MONTREAL, QUEBEC and BRADENTON, FLORIDA -- (Marketwire) -- 11/10/09 -- Intertape Polymer Group Inc. (TSX: ITP)(NYSE: ITP) ("Intertape" or the "Company") today released results for the three months and nine months ended September 30, 2009. All dollar amounts are US denominated unless otherwise indicated.



"The third quarter is historically our strongest and this year is no exception. I am pleased with our results which indicate the effectiveness of our cost reductions and the development and sales of new products. Owing to the seasonal aspects of our business, we expect lower fourth quarter results," stated Intertape Chairman, Eric E. Baker.



Net earnings for the third quarter of 2009 were $2.0 million or $0.03 per share, both basic and diluted, compared to net earnings of $4.2 million or $0.07 per share both basic and diluted for the same period last year. Both of the Company's Divisions made progress when compared with the first half of 2009, as economic conditions improved and the North American housing market showed initial signs of recovery, most notably in the sale of new houses.
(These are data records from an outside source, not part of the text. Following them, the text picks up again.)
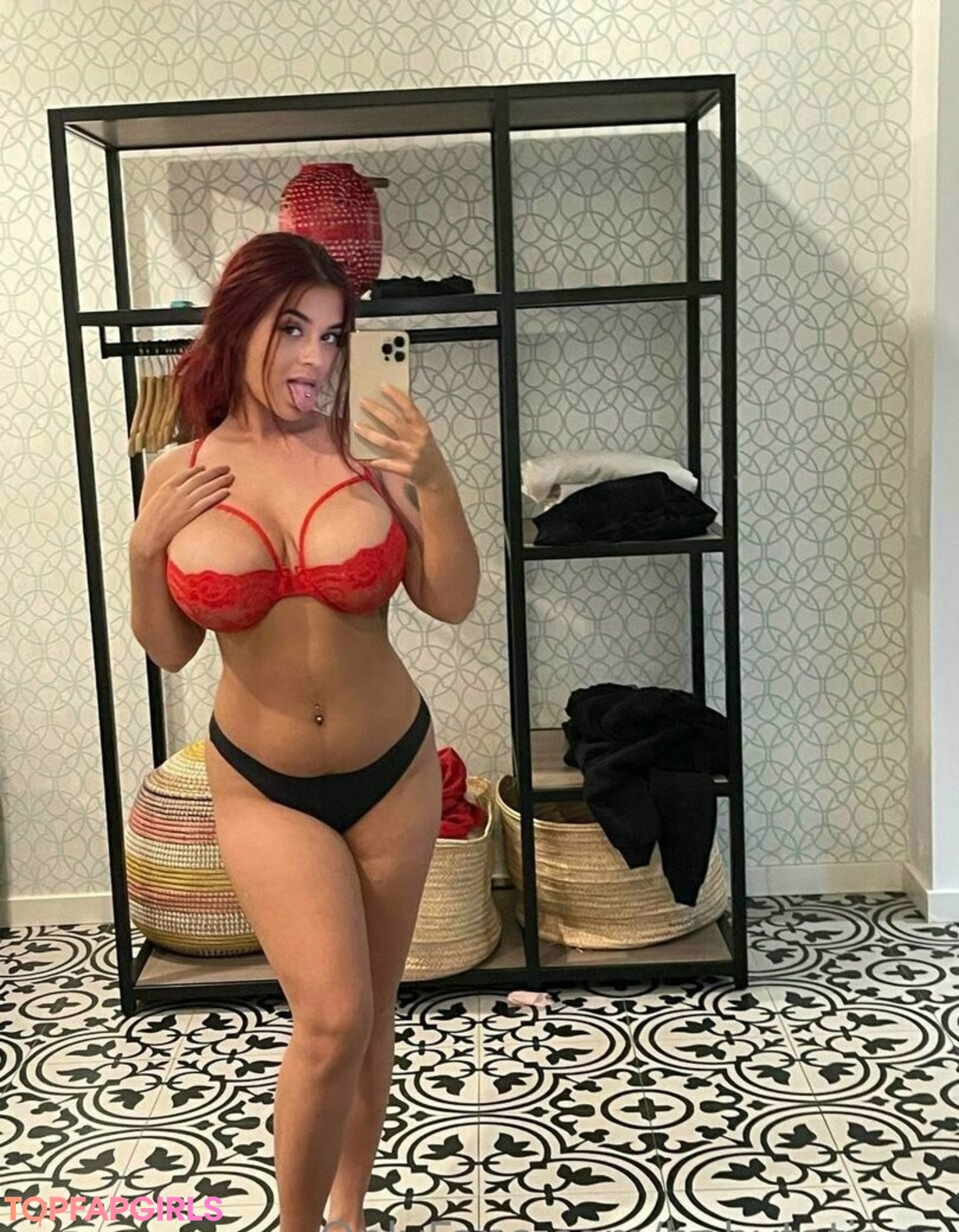 Foto di nudo di fuga di OnlyFans di Baby Tatiana #1117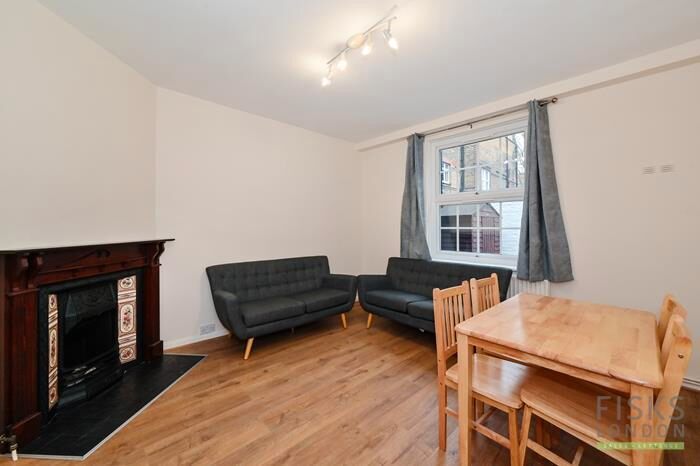 3 Bedroom House To Rent In George Row, Bermondsey, SE16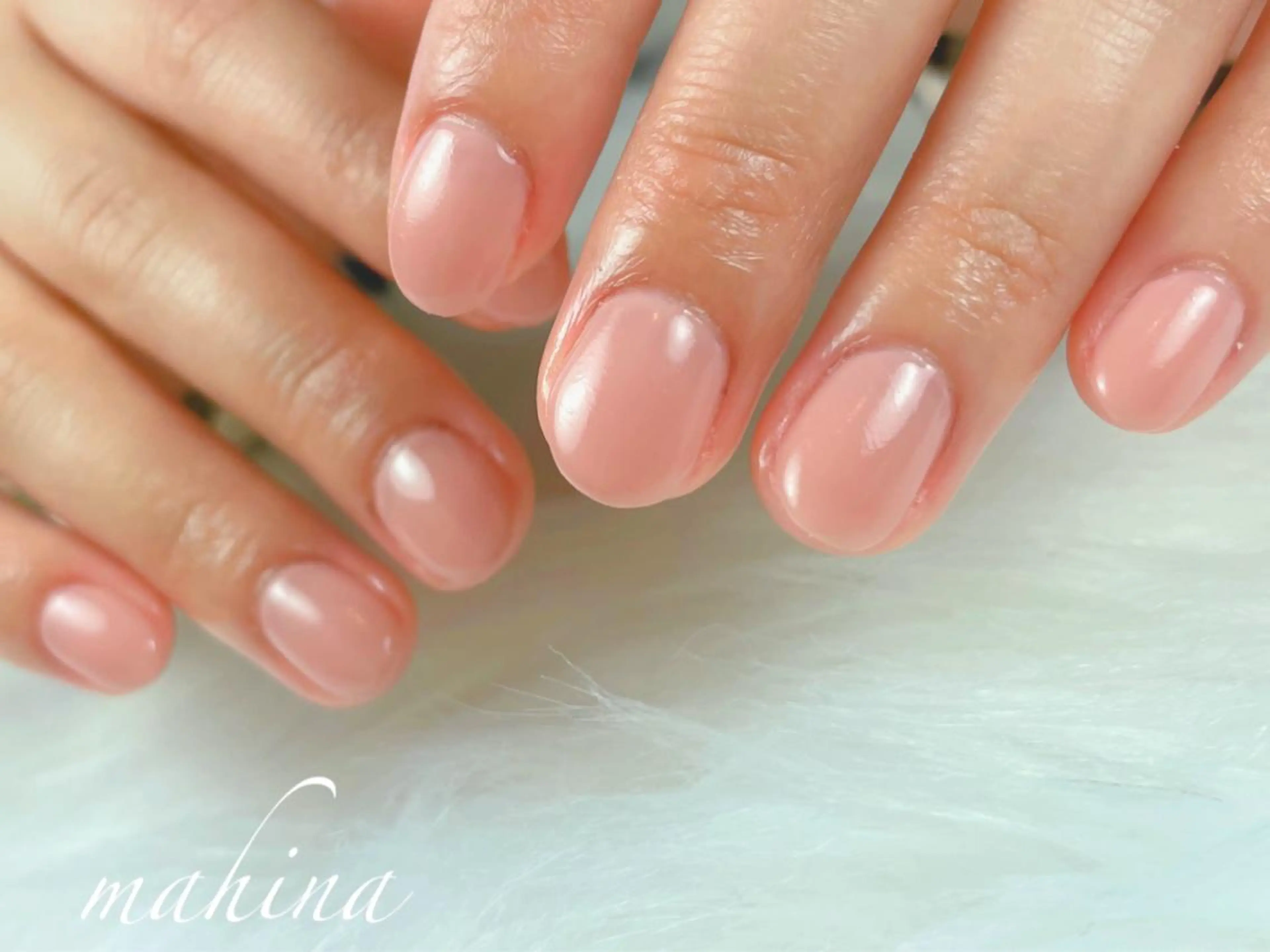 ネイル mahina .tのネイルデザイン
Net loss for the nine months of 2009 totaled $5.8 million ($0.10 per share, basic and diluted) compared to net earnings of $7.0 million ($0.12 per share, basic and diluted) for the same period in 2008.



Third quarter sales were down 19% to $163.7 million, compared to sales of $202.0 million in the third quarter of 2008, reflecting a 16.2% decrease in sales for the Tapes & Films ("T&F") Division and a 29.8% reduction for the Engineered Coated Products ("ECP") Division. Sales for the first nine months of the year were $454.7 million compared to $584.0 million for the same period in 2008, a decrease of 22.1%.



Gross profit for the third quarter totaled $26.4 million, compared to $29.2 million a year ago, reflecting an increased contribution from the T&F Division, largely offset by a decrease in the ECP Division. The gross margin increased to 16.1%, from 14.5% in the third quarter of 2008, as a result of the increase in the gross margin of the T&F Division, mitigated by a decline in the ECP Division's gross margin. Gross profit and gross margin for the first nine months of 2009 were $62.7 million and 13.8% respectively, compared to $83.7 million and 14.3% for the first nine months of 2008.



Selling, general and administrative ("SG&A") expenses totaled $17.8 million for the third quarter of 2009, $0.3 million higher than the $17.5 million for the third quarter of 2008. For the first nine months of 2009, SG&A expenses were $49.8 million compared to $52.3 million for the same period in 2008. SG&A expenses for 2009 reflect cost reduction initiatives implemented by the Company starting in the fourth quarter of 2008 and throughout the first half of 2009.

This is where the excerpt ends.